Assuming my understanding is correct, each instance in an ISPC gang is by definition synchronized, due to the semantics mentioned here

"ISPC guarantees that program instances synchronize after each program sequence point, which is roughly after each statement."

Hence barriers are unnecessary between instances of a gang. As for tasks, my guess is that barriers across ISPC tasks is altogether impossible, since tasks may be run one by one sequentially, and not interleaved.

This comment was marked helpful 0 times.

yetianx

Why it loads data first into a block shared array? Why not directly calculate the result from the input array?

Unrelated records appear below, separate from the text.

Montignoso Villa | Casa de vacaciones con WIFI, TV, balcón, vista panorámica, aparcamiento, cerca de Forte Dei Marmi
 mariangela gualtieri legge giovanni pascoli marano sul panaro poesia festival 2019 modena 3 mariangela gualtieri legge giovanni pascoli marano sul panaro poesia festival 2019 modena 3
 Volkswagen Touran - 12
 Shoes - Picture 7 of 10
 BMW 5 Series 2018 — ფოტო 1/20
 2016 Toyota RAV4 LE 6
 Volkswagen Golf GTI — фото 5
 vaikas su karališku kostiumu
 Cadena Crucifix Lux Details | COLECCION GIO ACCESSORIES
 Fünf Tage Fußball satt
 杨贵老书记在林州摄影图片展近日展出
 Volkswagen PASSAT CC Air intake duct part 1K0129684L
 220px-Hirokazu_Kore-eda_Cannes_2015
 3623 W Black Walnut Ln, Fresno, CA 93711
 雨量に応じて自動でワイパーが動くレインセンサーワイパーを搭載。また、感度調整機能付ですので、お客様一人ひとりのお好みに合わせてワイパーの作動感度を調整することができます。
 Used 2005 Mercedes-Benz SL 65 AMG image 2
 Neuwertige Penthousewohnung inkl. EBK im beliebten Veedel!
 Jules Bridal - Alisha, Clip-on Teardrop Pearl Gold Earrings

This comment was marked helpful 0 times.

yixinluo

@yetianx Good question! If you look ahead to slide 48, on-chip shared memory is much faster than global memory [reference]. In the 1D convolution example above, you will access each data elements three times per block (spatial locality). If you move the array to block shared memory, you can benefit from this locality such that you don't need to fetch each array element three times from global memory.

This comment was marked helpful 1 times.

tcz

The code only uses the x dimension of the thread and block indices. It seems to me that every row of blocks being utilized in this example would calculate the same thing, as would every row of threads in a block. Why don't we use the other (y) dimension here? Certainly using only x helps illustrate the example better, but is there a more profound reason?

This comment was marked helpful 0 times.

kayvonf

@tcz: This example is a 1D convolution. So there are not multiple rows.

The kernel launch creates N/THREADS_PER_BLOCK blocks, with THREADS_PER_BLOCK threads per block . Since I initialize the launch with 1D values blockDim.y is 0.

This comment was marked helpful 0 times.

LilWaynesFather

Why can we initialize the devInput in the host code? I thought we couldn't touch the handles/pointers that we pass to the kernal functions. Otherwise why do we need to move data between the host and device address spaces like in slide 39?

This comment was marked helpful 0 times.

kayvonf

@LilWaynes: Your understanding is correct. The "properly initialize" comment referred to issuing the appropriate cudaMemcpy call to initialize the device array devInput.

This comment was marked helpful 0 times.